▸ Assigned task:
Give the listing again character for character, but drop the images.

▸ Extracted entries:
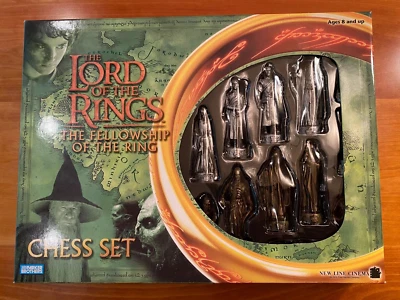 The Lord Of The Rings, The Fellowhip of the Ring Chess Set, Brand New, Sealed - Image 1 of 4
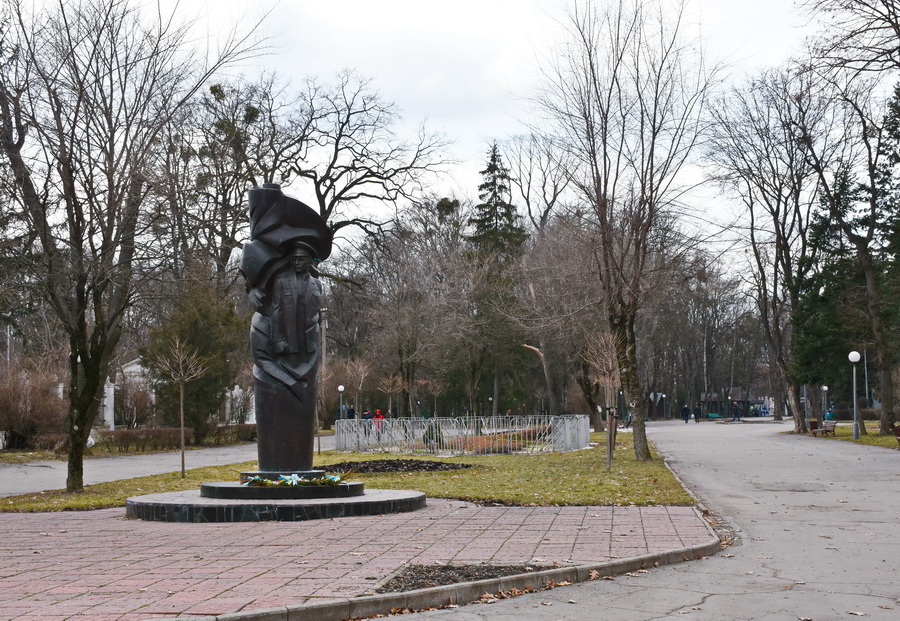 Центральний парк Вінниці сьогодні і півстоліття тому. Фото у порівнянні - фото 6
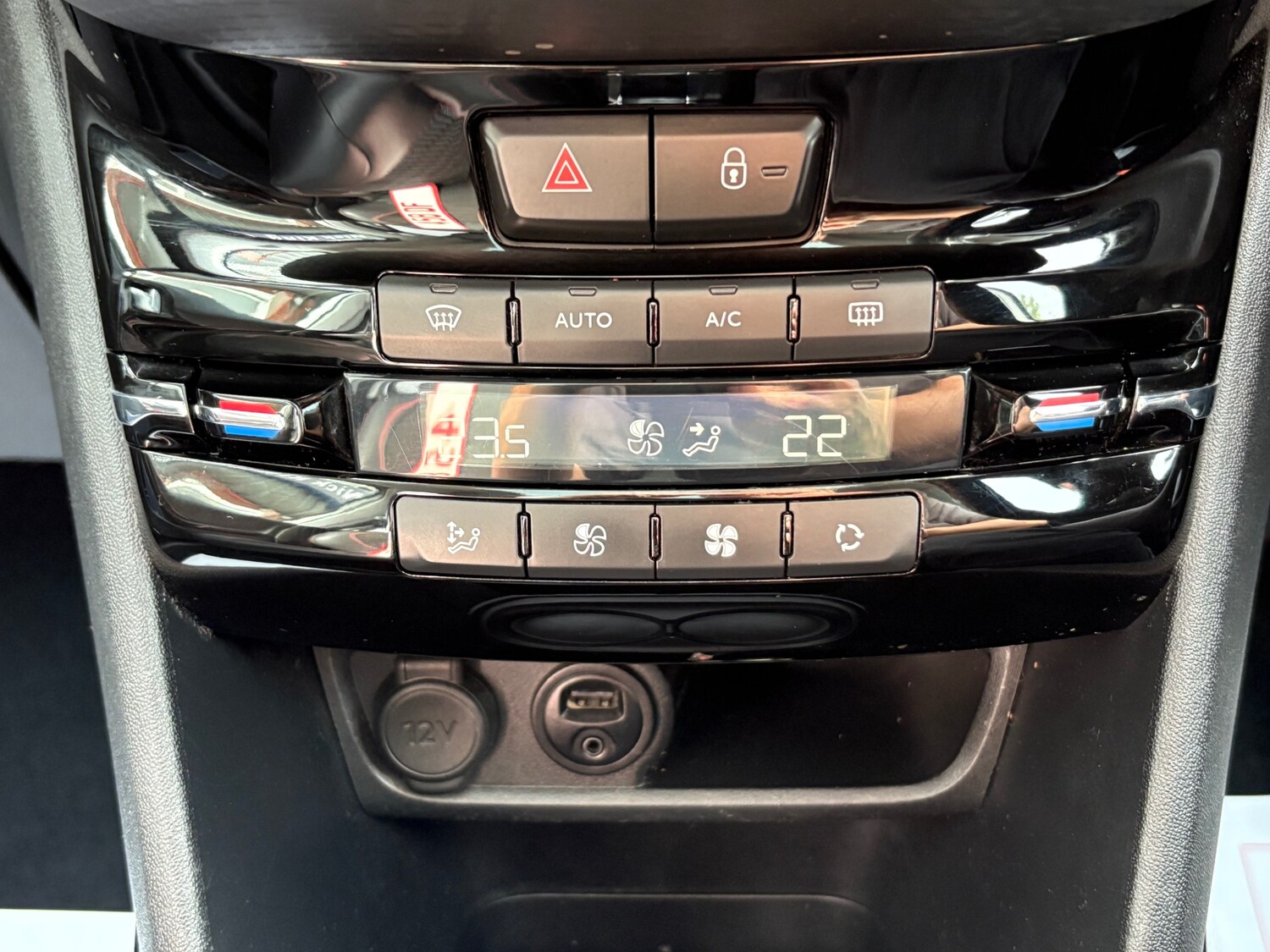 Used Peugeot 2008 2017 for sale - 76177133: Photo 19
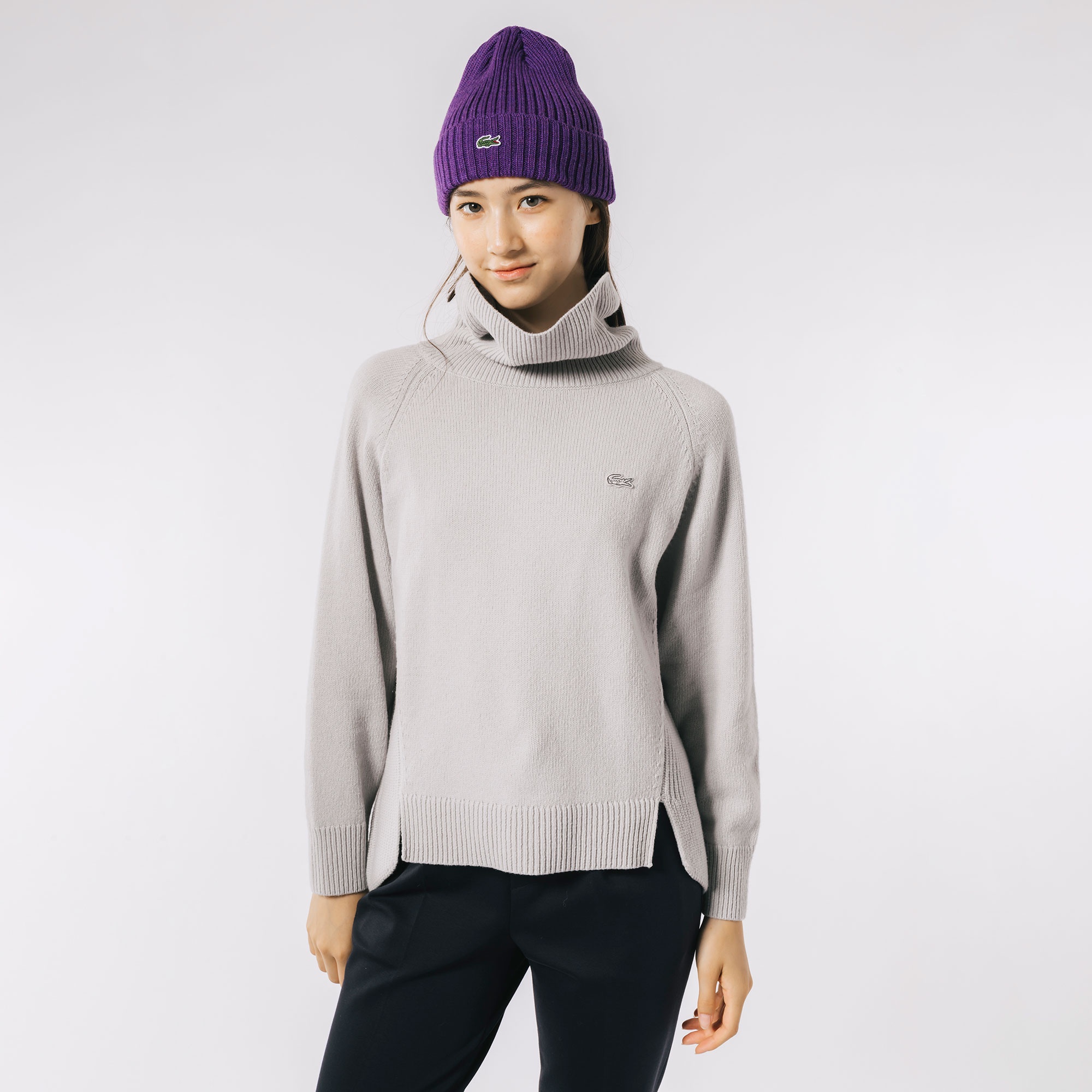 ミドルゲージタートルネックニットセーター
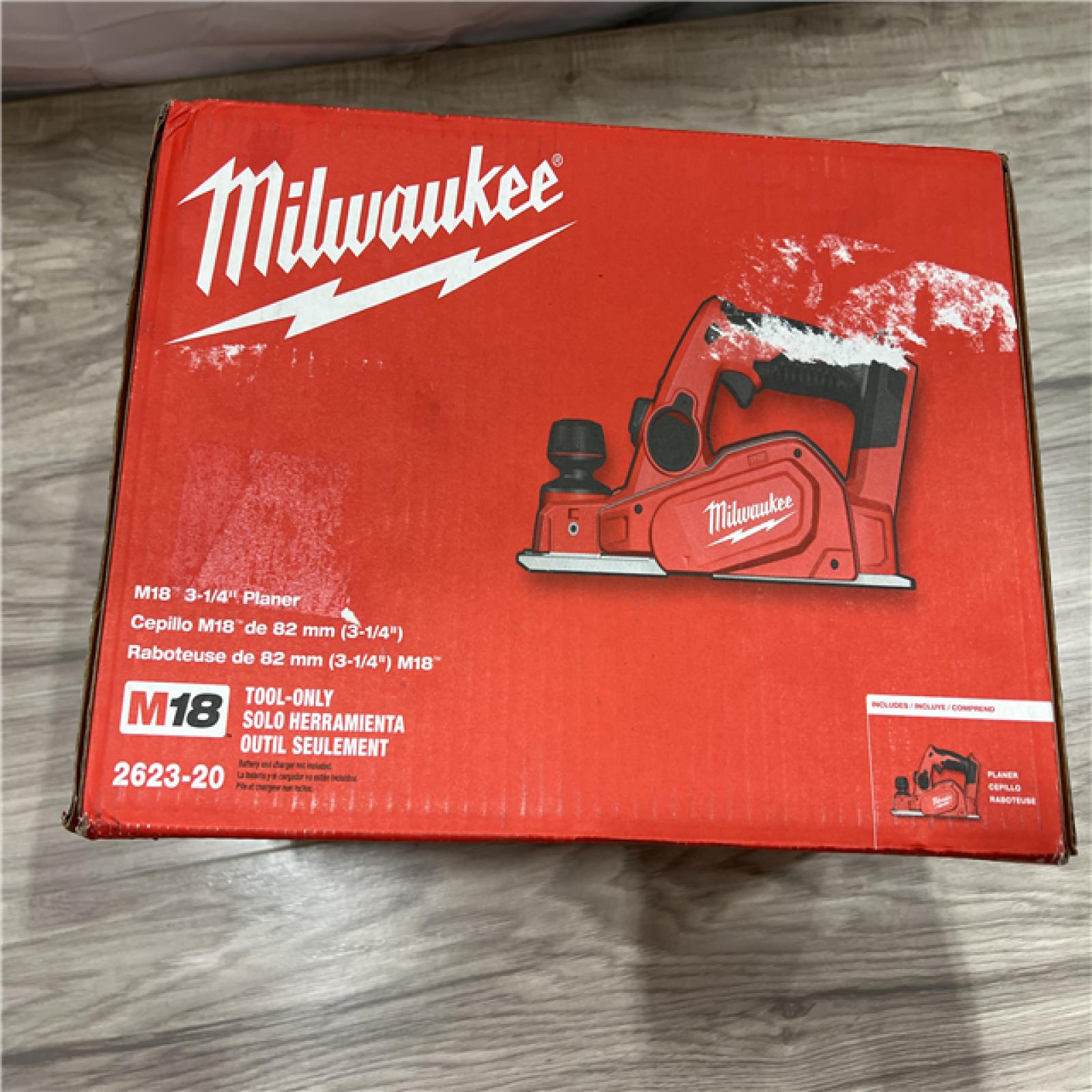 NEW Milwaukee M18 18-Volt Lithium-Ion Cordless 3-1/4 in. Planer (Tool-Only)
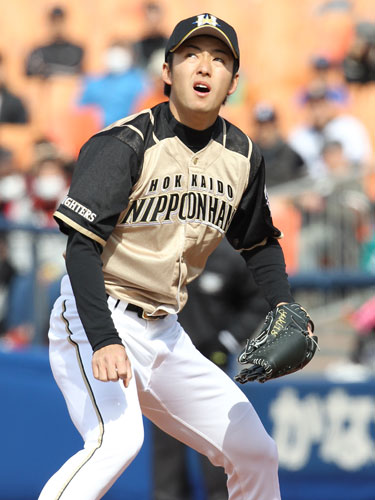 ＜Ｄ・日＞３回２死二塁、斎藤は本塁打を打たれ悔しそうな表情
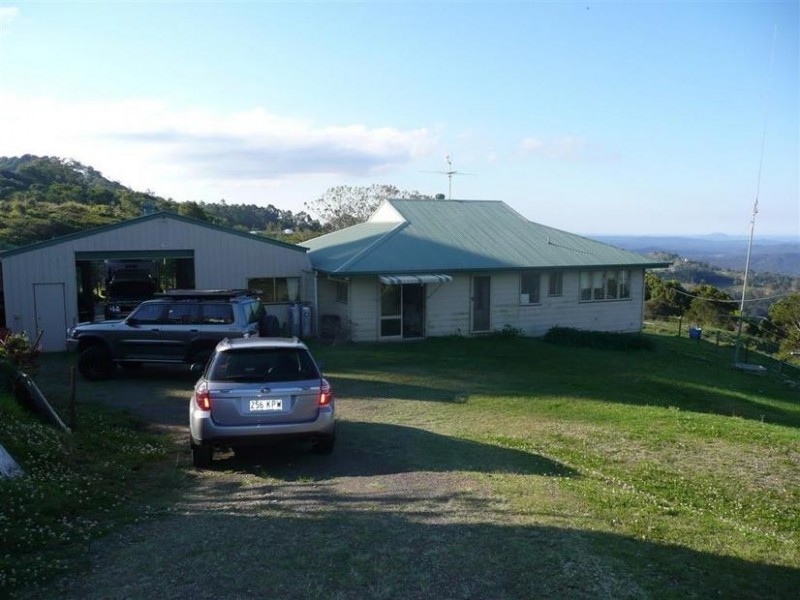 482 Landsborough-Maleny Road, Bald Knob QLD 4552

▸ Solution:
 The Lord Of The Rings, The Fellowhip of the Ring Chess Set, Brand New, Sealed - Image 1 of 4
 Центральний парк Вінниці сьогодні і півстоліття тому. Фото у порівнянні - фото 6
 Used Peugeot 2008 2017 for sale - 76177133: Photo 19
 ミドルゲージタートルネックニットセーター
 NEW Milwaukee M18 18-Volt Lithium-Ion Cordless 3-1/4 in. Planer (Tool-Only)
 ＜Ｄ・日＞３回２死二塁、斎藤は本塁打を打たれ悔しそうな表情
 482 Landsborough-Maleny Road, Bald Knob QLD 4552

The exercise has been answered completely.